NB. if you want 0s for missing edges, add .fillna(0) before converting .to_numpy() .

Alternatively, to get directly a 3D numpy array from the DataFrame, you could complete/reindex the missing values:

# pip install janitor
import janitor

nodes = list(G.nodes)
df = nx.to_pandas_edgelist(G)
samples = df['sample_id'].unique()
N = len(nodes)

A = (df.complete({'source': nodes, 'target': nodes, 'sample_id': samples})
       ['weight'].to_numpy().reshape(N, N, -1)
    )

Or:

import pandas as pd

nodes = list(G.nodes)
df = nx.to_pandas_edgelist(G)
samples = df['sample_id'].unique()
N = len(nodes)

A = (df.set_index(['source', 'target', 'sample_id'])
       .reindex(pd.MultiIndex.from_product([nodes, nodes, samples]))
       ['weight'].to_numpy().reshape(N, N, -1)
    )

Output of A[:, :, 5] (6th sample):

array([[     nan, 0.423106,      nan,      nan,      nan,      nan],
       [     nan,      nan, 0.737995,      nan,      nan,      nan],
       [     nan,      nan,      nan, 0.322959,      nan,      nan],
       [     nan,      nan,      nan,      nan, 0.312261,      nan],
       [     nan,      nan,      nan,      nan,      nan, 0.250455],
       [     nan,      nan,      nan,      nan,      nan,      nan]])

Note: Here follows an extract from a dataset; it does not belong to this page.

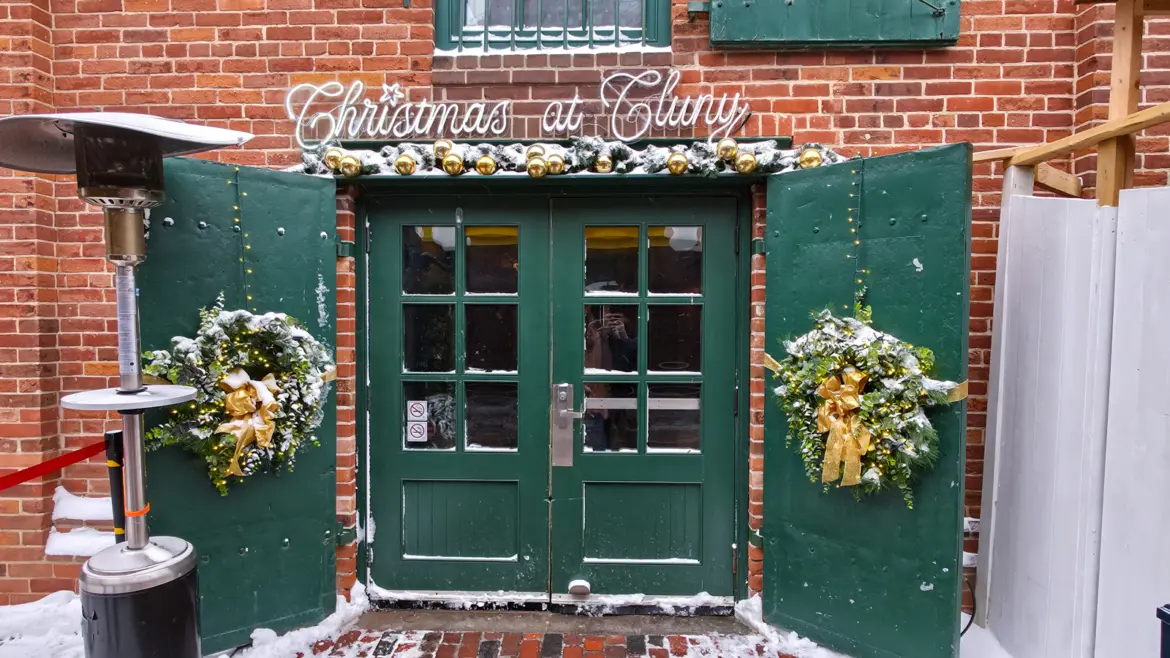 Cluny's green double doors with gold baubles, wreaths and a Christmas at Cluny sign, Distillery District, Toronto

I would probably prefer a (10, 6, 6) shape to directly access the samples with A[id]:

A = (df.complete({'sample_id': samples, 'source': nodes, 'target': nodes})
       ['weight'].to_numpy().reshape(-1, N, N)
    )

# or
A = (df.set_index(['sample_id', 'source', 'target'])
       .reindex(pd.MultiIndex.from_product([samples, nodes, nodes]))
       ['weight'].to_numpy().reshape(-1, N, N)
    )